There does not appear to be any similar regime in Canada, despite the existence of Canadian PMCs operating in conflict areas abroad."
[Source: http://www.c2cjournal.ca/public/articles/28]

Looking for responses here or privately -- ways to reach me for what suits you best are at: http://www.davidakin.com

You tell me: Is there a story here about the regulation, or lack of it, for PMCs in Canada? Should Robert Mugabe, to use the example above, be able to hire a Canadian outfit to do crack heads?

Thanks!


----------



## armyvern

The CF and Canada also comply with ITAR/CTAT regulations.

On the PMC side of the house ... I'm sure you'll draw responses. There are some threads about the forum though on how ITAR/CTAT affect and apply to us.

Vern


----------



## DavidAkin

Help me out here. It makes sense that the CF would comply with ITAR etc. but a private sector company? Why would a Canadian company comply with a U.S. law? [Remember: I ask dumb questions for a living!] Wouldn't a Canadian company just do whatever is in their best economic interest, so long as it operates within Canadian law?


----------



## HItorMiss

I think but don't hold me to it, that the US law is being used as an International Standard. I very well could be talking out of my lower orifice though.


----------



## armyvern

DavidAkin said:
			
		

> Help me out here. It makes sense that the CF would comply with ITAR etc. but a private sector company? Why would a Canadian company comply with a U.S. law? [Remember: I ask dumb questions for a living!] Wouldn't a Canadian company just do whatever is in their best economic interest, so long as it operates within Canadian law?



Because of the mil technology inclusive in those weapons/weapons systems that they employ amongst other stuff.

Bottom line ... protect the technology from getting into the wrong hands, thus it's distribution is regulated. Ergo the requirement for anyone having access to that technology being screened etc. 

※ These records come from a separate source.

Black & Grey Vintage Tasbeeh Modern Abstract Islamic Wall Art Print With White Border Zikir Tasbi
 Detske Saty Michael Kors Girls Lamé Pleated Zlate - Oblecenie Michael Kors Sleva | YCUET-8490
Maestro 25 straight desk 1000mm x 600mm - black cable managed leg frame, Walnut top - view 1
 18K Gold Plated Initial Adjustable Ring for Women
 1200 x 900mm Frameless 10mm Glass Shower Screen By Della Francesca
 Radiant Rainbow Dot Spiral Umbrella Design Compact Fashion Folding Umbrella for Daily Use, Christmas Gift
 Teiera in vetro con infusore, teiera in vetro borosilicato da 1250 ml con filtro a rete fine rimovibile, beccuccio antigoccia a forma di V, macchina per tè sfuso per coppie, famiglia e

*ITAR is an International regulation* (International Traffic in Arms Regulations) of which Canada complies. Canada also has it's own version in CTAT (Controlled Technology Access Transfer). 

Canadian citizens (thus Canadian PMCs) are subject to controlled goods regulations, as are the companies that produce the items under the Defence Production Act (ergo a Law). Ergo, they must comply with the Laws that govern it's posession, access, control, distribution and use.

 http://www.admfincs.forces.gc.ca/admfincs/subjects/daod/3003/1_e.asp


----------



## daftandbarmy

DavidAkin said:
			
		

> Hi all --
> 
> Who can tell me about the business of private military contractors in Canada?
> 
> You tell me: Is there a story here about the regulation, or lack of it, for PMCs in Canada? Should Robert Mugabe, to use the example above, be able to hire a Canadian outfit to do crack heads?
> 
> Thanks!



David: Do you have a line on a story that we should know about? Have you heard of any Canadian PMCs operating unethically?


----------



## armyvern

daftandbarmy said:
			
		

> David: Do you have a line on a story that we should know about? Have you heard of any Canadian PMCs operating unethically?



Have you read the ref he provided in his original post link??


----------



## daftandbarmy

Yes. However, four kidnapped employees of a Montreal based PMC does not a scandal make. I'm just wondering if there is another question behind David's original question.


----------



## DavidAkin

daftandbarmy said:
			
		

> David: Do you have a line on a story that we should know about? Have you heard of any Canadian PMCs operating unethically?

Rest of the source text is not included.